(Short web captions)
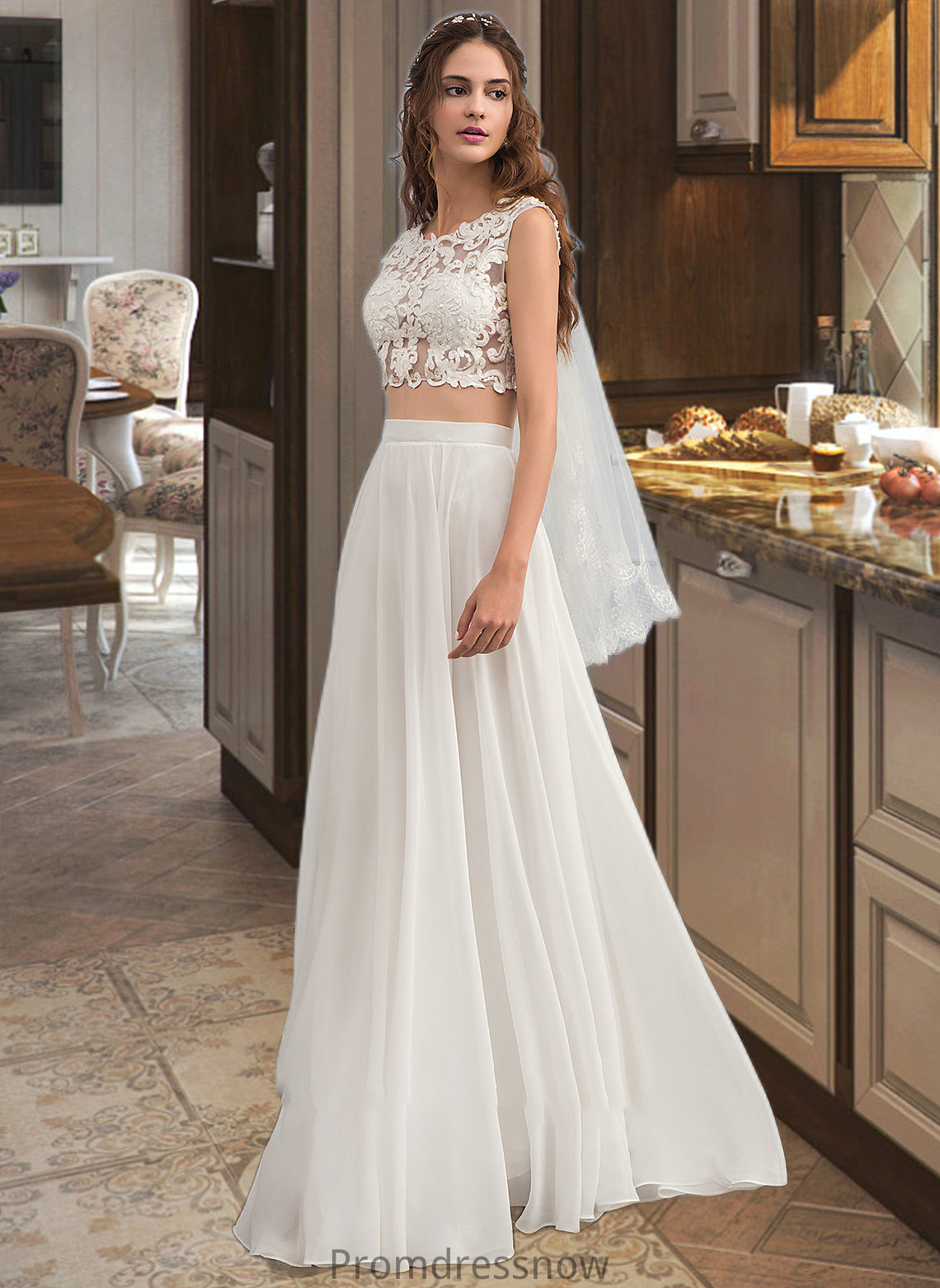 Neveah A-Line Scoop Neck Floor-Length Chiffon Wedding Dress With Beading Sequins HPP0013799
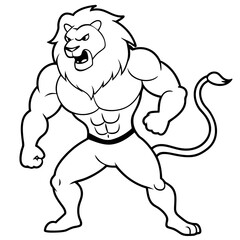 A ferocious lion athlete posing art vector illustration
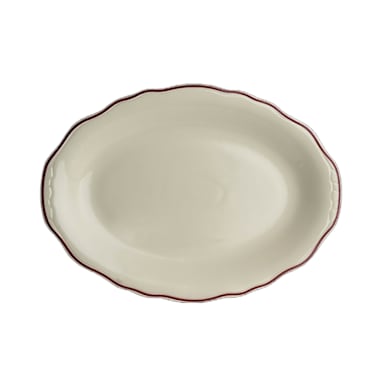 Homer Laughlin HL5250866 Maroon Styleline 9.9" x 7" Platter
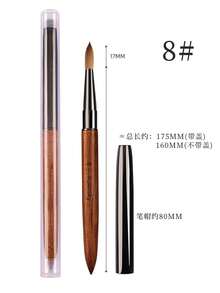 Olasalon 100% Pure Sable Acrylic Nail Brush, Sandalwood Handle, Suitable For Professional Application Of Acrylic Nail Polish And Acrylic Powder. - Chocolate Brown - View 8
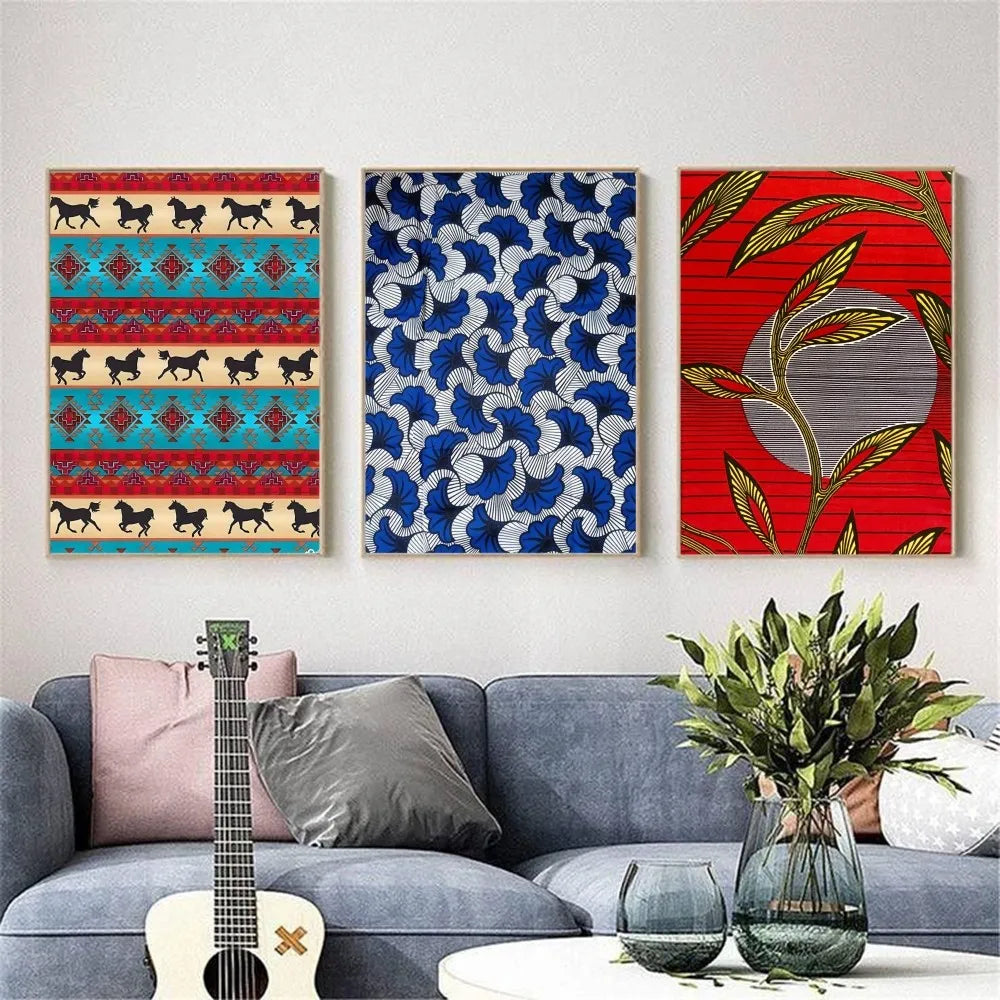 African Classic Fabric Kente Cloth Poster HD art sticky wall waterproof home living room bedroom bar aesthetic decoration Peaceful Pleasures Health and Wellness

▸ **WHAT THE TASK REQUIRES**
With the pictures set aside, copy each line above as written.

▸ **ANSWER FOR THE TASK**
 Neveah A-Line Scoop Neck Floor-Length Chiffon Wedding Dress With Beading Sequins HPP0013799
 A ferocious lion athlete posing art vector illustration
 Homer Laughlin HL5250866 Maroon Styleline 9.9" x 7" Platter
 Olasalon 100% Pure Sable Acrylic Nail Brush, Sandalwood Handle, Suitable For Professional Application Of Acrylic Nail Polish And Acrylic Powder. - Chocolate Brown - View 8
 African Classic Fabric Kente Cloth Poster HD art sticky wall waterproof home living room bedroom bar aesthetic decoration Peaceful Pleasures Health and Wellness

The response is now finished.